Absolute zero, at -273.15°C or 0K, represents a state where theoretical molecular motion ceases. While reaching absolute zero is a central concept in thermodynamics, in practice, it's impossible to cool any substance to absolute zero. However, scientists have come extremely close. Advanced techniques in cryogenics and laser cooling have enabled us to achieve temperatures mere billionths of a degree above absolute zero. These extremely low temperatures are crucial for certain quantum experiments and for the study of superfluidity and superconductivity.

While the Kelvin scale is absolute and crucial for many scientific calculations, especially in thermodynamics, the Celsius scale remains practical for a plethora of reasons. Celsius is based on easily observable and replicable reference points (freezing and boiling of water), making it intuitive and easily understood. Most day-to-day phenomena and reactions occur in temperatures that are more relatable in the Celsius scale. Hence, for many experiments and observations, especially those not approaching absolute zero or dealing with extremely high temperatures, the Celsius scale remains more intuitive and convenient.

The shift from Fahrenheit to Celsius in many parts of the world was primarily influenced by the move towards metric standardisation. The Celsius scale, being part of the metric system, integrates seamlessly with other metric measurements, facilitating scientific calculations and experiments. Additionally, its reference points based on the properties of water are easily replicable and understood universally. The global push, especially after the mid-20th century, towards a unified system of measurements for science, trade, and daily life, saw Celsius being favoured over Fahrenheit in most countries. The U.S. remains a notable exception, still predominantly using the Fahrenheit scale.

The body's temperature is variable and is influenced by a range of factors like health, activity levels, and the surrounding environment. While Fahrenheit used the human body temperature as a reference, it's important to note that it was only one of the three reference points he used. Celsius and Kelvin scales chose reference points that are consistent, universally applicable, and easily replicable in a laboratory setting. Using the freezing and boiling points of water as reference makes the Celsius scale more universally standardised and applicable for scientific experiments and daily measurements.

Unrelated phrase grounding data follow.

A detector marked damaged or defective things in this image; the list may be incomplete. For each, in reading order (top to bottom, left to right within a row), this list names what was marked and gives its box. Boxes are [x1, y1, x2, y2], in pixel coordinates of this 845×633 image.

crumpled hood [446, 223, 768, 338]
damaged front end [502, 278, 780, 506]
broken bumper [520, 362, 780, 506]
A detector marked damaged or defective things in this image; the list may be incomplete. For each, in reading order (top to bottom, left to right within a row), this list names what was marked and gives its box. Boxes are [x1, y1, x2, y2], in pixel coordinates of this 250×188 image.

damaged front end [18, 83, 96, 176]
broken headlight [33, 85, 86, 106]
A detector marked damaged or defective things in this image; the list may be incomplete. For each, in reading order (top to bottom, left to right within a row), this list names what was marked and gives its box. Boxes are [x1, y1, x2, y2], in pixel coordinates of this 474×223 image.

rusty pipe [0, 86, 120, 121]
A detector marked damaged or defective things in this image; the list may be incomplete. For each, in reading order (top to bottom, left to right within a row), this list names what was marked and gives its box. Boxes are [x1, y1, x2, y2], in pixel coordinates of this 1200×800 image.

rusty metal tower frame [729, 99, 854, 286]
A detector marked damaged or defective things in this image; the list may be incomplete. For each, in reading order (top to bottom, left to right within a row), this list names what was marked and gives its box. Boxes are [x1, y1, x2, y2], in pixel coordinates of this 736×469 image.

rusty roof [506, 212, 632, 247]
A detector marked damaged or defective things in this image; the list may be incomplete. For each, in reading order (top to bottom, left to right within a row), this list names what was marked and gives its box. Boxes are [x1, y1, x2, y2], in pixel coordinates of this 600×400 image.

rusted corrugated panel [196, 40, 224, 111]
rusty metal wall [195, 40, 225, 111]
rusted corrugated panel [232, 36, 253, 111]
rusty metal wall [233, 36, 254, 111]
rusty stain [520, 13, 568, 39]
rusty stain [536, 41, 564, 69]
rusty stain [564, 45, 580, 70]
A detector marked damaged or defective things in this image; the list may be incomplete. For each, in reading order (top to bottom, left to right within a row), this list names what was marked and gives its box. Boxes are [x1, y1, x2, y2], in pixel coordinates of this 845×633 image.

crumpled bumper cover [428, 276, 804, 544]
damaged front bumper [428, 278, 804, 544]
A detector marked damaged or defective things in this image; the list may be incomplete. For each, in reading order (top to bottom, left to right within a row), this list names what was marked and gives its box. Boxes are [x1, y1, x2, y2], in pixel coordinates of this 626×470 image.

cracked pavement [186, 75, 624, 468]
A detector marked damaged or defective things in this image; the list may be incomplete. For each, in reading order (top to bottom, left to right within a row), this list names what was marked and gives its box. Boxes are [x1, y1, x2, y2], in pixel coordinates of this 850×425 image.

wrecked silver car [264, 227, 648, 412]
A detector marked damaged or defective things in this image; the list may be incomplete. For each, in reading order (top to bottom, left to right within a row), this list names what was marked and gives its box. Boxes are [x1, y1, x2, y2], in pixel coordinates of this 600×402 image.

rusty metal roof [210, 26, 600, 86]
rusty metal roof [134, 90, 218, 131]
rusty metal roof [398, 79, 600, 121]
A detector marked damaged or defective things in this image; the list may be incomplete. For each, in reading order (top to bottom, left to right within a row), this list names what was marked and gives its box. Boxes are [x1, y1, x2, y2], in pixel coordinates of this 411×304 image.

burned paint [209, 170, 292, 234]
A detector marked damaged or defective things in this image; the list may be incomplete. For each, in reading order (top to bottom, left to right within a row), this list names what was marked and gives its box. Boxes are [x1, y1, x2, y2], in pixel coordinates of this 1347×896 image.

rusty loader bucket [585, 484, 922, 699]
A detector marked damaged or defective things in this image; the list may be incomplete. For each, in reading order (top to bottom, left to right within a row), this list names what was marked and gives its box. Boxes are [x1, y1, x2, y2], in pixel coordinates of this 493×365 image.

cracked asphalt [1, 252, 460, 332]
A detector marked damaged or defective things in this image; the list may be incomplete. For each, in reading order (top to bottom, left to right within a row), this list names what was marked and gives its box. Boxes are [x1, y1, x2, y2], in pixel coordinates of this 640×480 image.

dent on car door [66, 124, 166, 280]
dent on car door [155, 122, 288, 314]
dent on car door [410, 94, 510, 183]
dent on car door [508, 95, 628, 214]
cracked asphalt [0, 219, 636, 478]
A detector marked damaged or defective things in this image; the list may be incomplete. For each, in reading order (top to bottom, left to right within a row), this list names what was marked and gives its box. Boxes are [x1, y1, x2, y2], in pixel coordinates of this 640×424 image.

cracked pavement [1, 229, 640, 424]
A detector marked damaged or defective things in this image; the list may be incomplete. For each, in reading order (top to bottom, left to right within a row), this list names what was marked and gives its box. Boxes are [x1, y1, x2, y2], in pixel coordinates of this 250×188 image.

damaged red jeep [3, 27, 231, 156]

The Fahrenheit scale has smaller increments between its defined freezing and boiling points of water than the Celsius scale. This granularity offers a more detailed representation of temperature changes, especially when slight changes can be meaningful. For instance, in detailed meteorological analyses, a more nuanced temperature representation can provide better insights into weather patterns. Additionally, for everyday non-scientific purposes, especially in regions used to the Fahrenheit scale, this granularity might feel more intuitive and offer a more precise feel of temperature differences without resorting to decimal values.